Looking at the latest COT report, extremes this week include crude oil and a new bearish extreme in the Swiss Franc. While long Canadian dollars looked like an extreme position last week, this is no longer the case today. This is shown below:

CFTC COT (futures & options combined) – November 7, 2017

11-14-2017 CFTC
Source: CFTC, MarketsNow


Notable extremes are bolded, and are highlighted when speculator positioning is more than two standard deviations above historical trailing 1-year and 3-year trends. Looking at this week’s numbers, a few themes emerge from the data.

Firstly, speculators continue to short currencies that are likely to weaken if inflation strengthens further. Thus short positions are building in both the Japanese yen and the Swiss franc. Secondly, long crude oil remains a consensus favorite, and speculators have added 39,000 contracts to their net long position this week. Lastly, speculators have been dumping commodity currencies such as the Australian dollar and the Canadian dollar. Despite optimism for crude oil, the same optimism doesn’t seem to be spilling over to the Canadian dollar today.
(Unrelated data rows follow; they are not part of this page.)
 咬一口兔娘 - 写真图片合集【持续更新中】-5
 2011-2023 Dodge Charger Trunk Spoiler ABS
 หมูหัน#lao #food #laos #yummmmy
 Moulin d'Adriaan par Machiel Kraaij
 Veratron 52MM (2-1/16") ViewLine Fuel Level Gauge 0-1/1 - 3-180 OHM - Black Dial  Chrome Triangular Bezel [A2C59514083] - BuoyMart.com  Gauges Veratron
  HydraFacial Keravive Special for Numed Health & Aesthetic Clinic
As rate hike hopes and GDP growth fade into memory, speculators lose interest in Canada

Looking at the recent past, speculators were most bullish on the Canadian dollar just as the currency hit multi-year highs in September. At the time, we warned that the large long position in the currency meant that it was ripe for a reversal. Following our warning, the currency weakened significantly until late October, although it has recently gained some support from stronger crude oil prices. A visual overview of speculator positioning is shown below for reference:

Buy at the top and sell at the bottom?   

11-14-2017 CFTC CAD
Source: CFTC, MarketsNow


As shown above, CAD speculators were most net short the currency in early May, just as USD/CAD rose above 1.35. At the time, 3-year z-scores were three standard deviations below historical averages. As the Canadian dollar strengthened over the summer, speculators flipped from being net short to net long. Positions then hit another extreme in September, as USD/CAD approached 1.20. Following our warning at the time, the currency is now trading within a normal range.
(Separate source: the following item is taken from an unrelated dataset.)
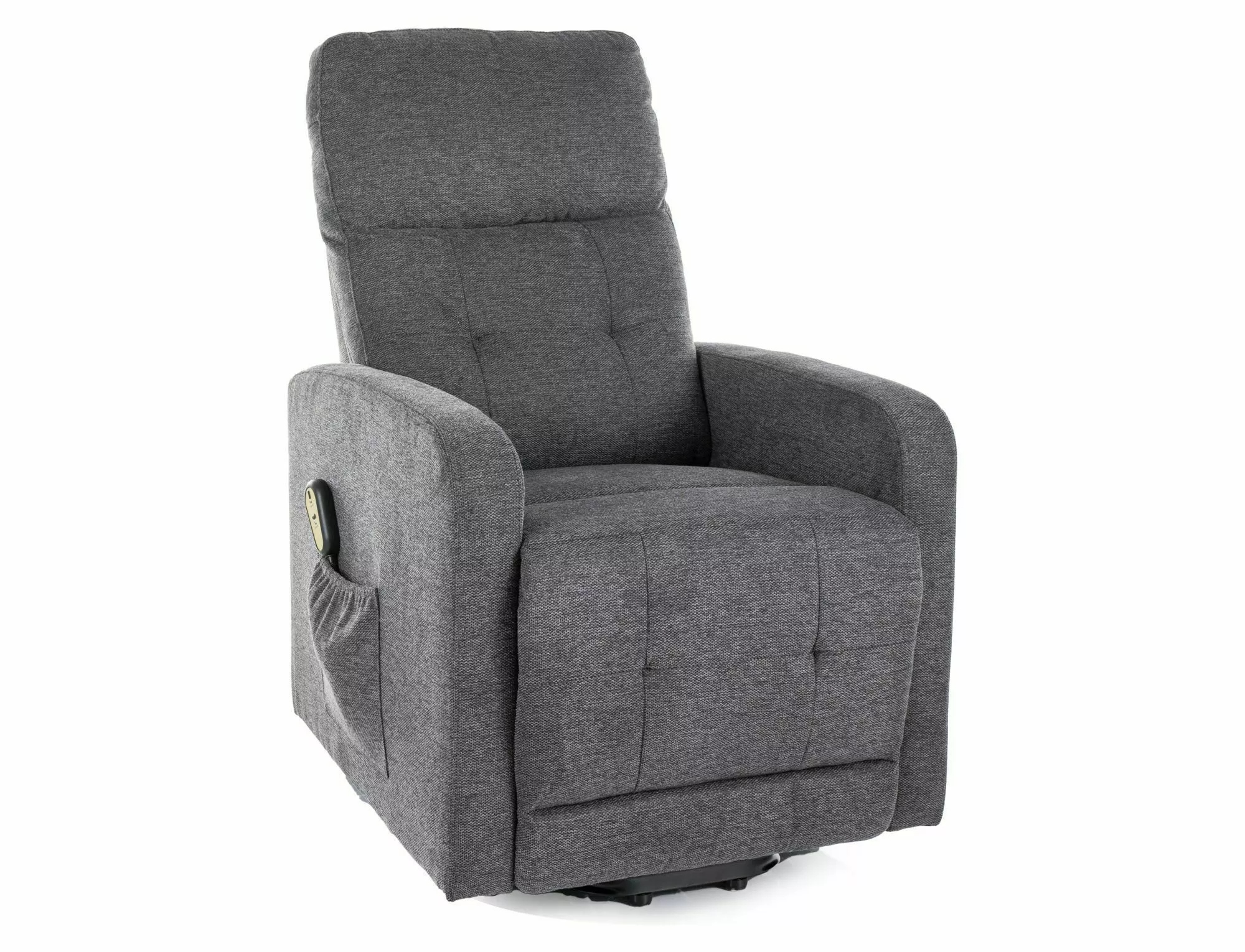 product-2182 Poltrona reclinabile Otus II Brego grigio scuro – 66x92–144x100 cm - immagine 1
Looking at what’s next for the Canadian dollar, we wrote that crude oil is one of the few remaining positive catalysts for the currency in late October. At the time sentiment towards the loonie was looking overly bearish, and the currency subsequently strengthened. Today, crude oil itself is looking ripe for a reversal. Looking at the future, the currency is facing quite a few headwinds:

  1. The Bank of Canada’s tone suggests a neutral outlook for monetary policy
  2. The ongoing government fiscal stimulus program is unlikely to keep growing next year
  3. Sentiment towards the currency looks set to keep falling
  4. GDP growth is decelerating in rate-of-change terms, and
  5. Future support from crude oil looks tough as speculator interest in the commodity hits bullish extremes

With lots of headwinds and few reasons to buy the Canadian dollar, it’s tough to get optimistic on the currency anytime soon.